Molecular genetic testing is one of the criteria for the diagnosis of Alport syndrome with a high sensitivity and specificity (༞90%) [7, 21, 22]. High-throughput next generation sequencing (NGS) technology can improve the diagnosis of Alport syndrome by providing molecular confirmation of COL4A3, COL4A4, or COL4A5 mutations. Then we performed whole-exome sequencing for 4 individuals (II:1, II:2, III:1, III:2), however, we did not identify any variation in thought to be possibly disease-causing in the three type IV collagen genes. It is possible that a small proportion of variants may have been missed. Alternatively, a rare deep intronic variant affecting splicing and only detectable by RNA analysis. In addition, pathogenic genes in families with Alport syndrome may not be confined to a few regions. Known COL4A3, COL4A4, and COL4A5 genes are scattered throughout many exons, making it difficult to develop predictive genetic tests.
Noteworthily, a marked C3 staining with the corresponding electron-dense deposits along the mesangium was detected by immunofluorescence and electron microscope analysis of the kidney biopsy in the proband (III:1). Serum C3 was reduced in his mother (II:1), while normal in the proband and other affected family members.

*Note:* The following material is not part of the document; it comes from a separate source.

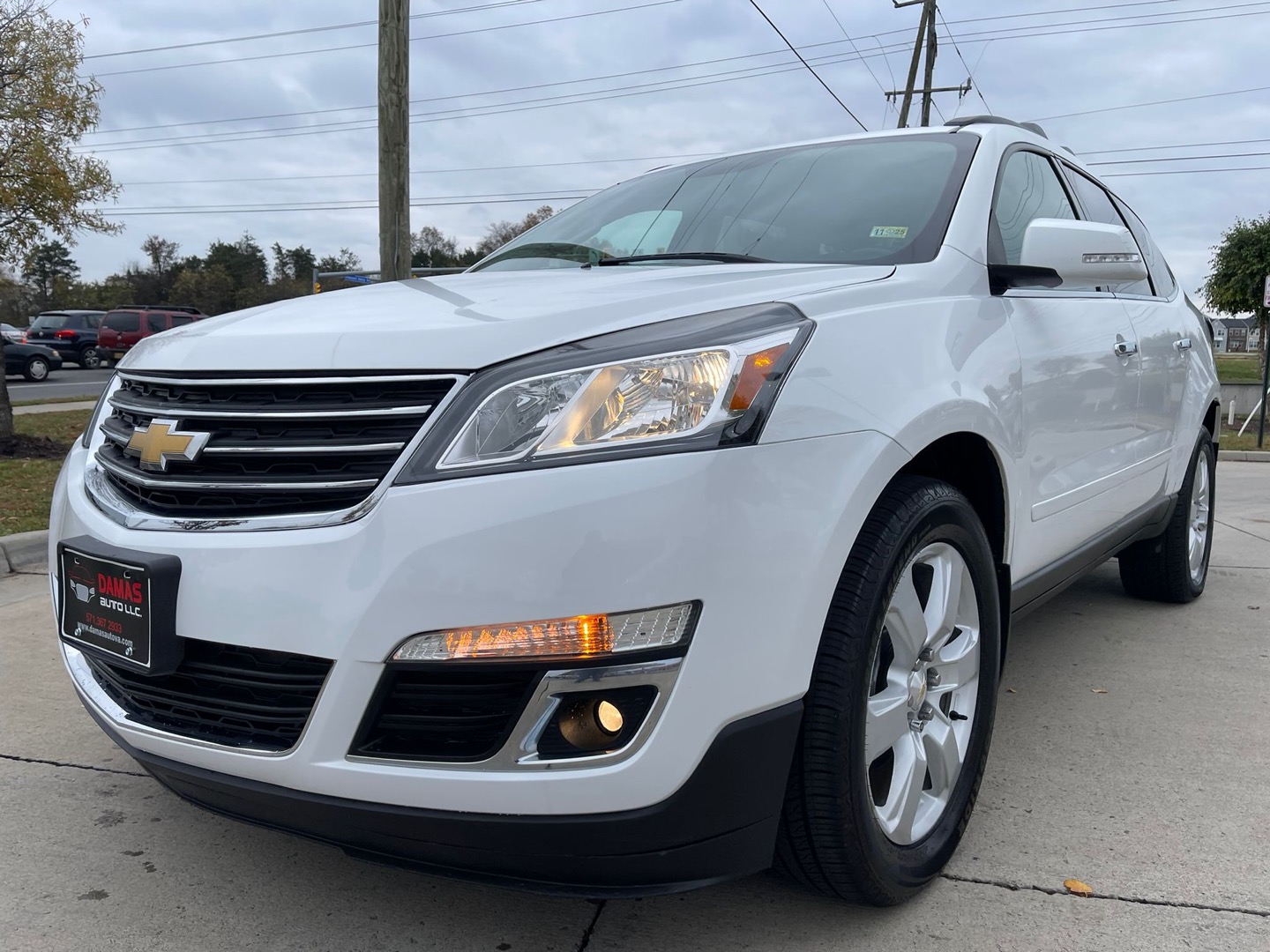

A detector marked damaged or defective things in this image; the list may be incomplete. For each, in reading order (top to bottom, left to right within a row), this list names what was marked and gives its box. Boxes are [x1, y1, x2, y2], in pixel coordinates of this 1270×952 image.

Excessive glomerular C3 fragment deposition, with scanty C1q and immunoglobulin, showed some morphological features of C3GN. In addition, the proband and his mother were affected more severely than other members. In the pedigree, familial C3GN is suspicious. The findings above prompted us to take a further investigation of the complement system in the index family. A broad range of genetic contributors definitely implicate in the pathogenesis of C3GN [23–25], then we screened a set of complement genes.

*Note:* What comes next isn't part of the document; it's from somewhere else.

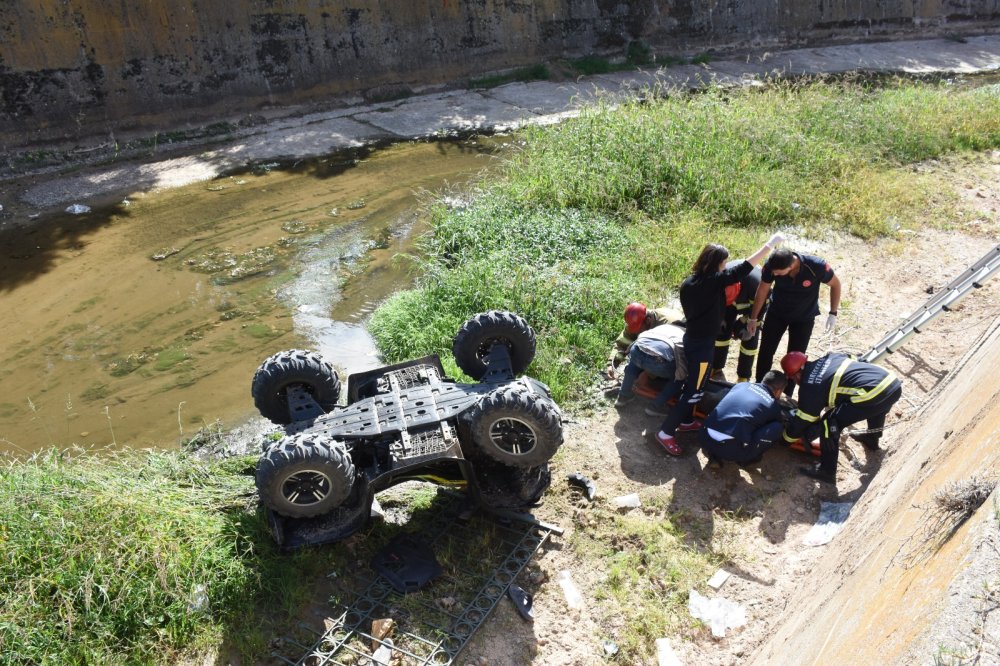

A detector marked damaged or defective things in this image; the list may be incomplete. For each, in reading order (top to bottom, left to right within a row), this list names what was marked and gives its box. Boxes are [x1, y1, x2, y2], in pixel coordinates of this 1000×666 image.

broken plastic piece [568, 472, 596, 498]
broken plastic piece [372, 536, 442, 592]
broken plastic piece [508, 580, 532, 616]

We identified a rare heterozygous missense variant c.508G > A (p.V170M; rs201073457) in the complement regulatory gene CFHR5 in 3 members in this family (I:1, II:1 and III:1). CFHR5 colocalizes with complement-containing glomerular immune deposits in a variety of glomerular pathologic states [26]. Based on genetic studies, copy number variations in CFHR5 is implicated in C3GN [8, 27–28], but significant enrichment of disease-associated rare variants is less [29]. The c.508G > A in the gene CFHR5 generates a nonsynonymous alteration at amino acid position 170 (Val in wild-type and Met in mutant), which is strictly conserved among organisms. In silico programs (SIFT, SNAP, PolyPhen-2 and Mutation Taster) independently indicated the CFHR5 c.508G > A to be potential functional variant. Then we simulated 3D homology-modeled structures, which indicated mutant-type CFHR5 increased conformational stability and induced an increase in the C3b-binding affinity. Additionally, the rare alteration has been previously reported in a patient with aHUS [30] and verified to exhibit significantly higher C3b binding capacity compared with wild-type CFHR5 in vitro functional assays [31]. The above computational and functional assessments indicated that CFHR5 c.508G > A may be responsible for the C3GN phenotype in the proband.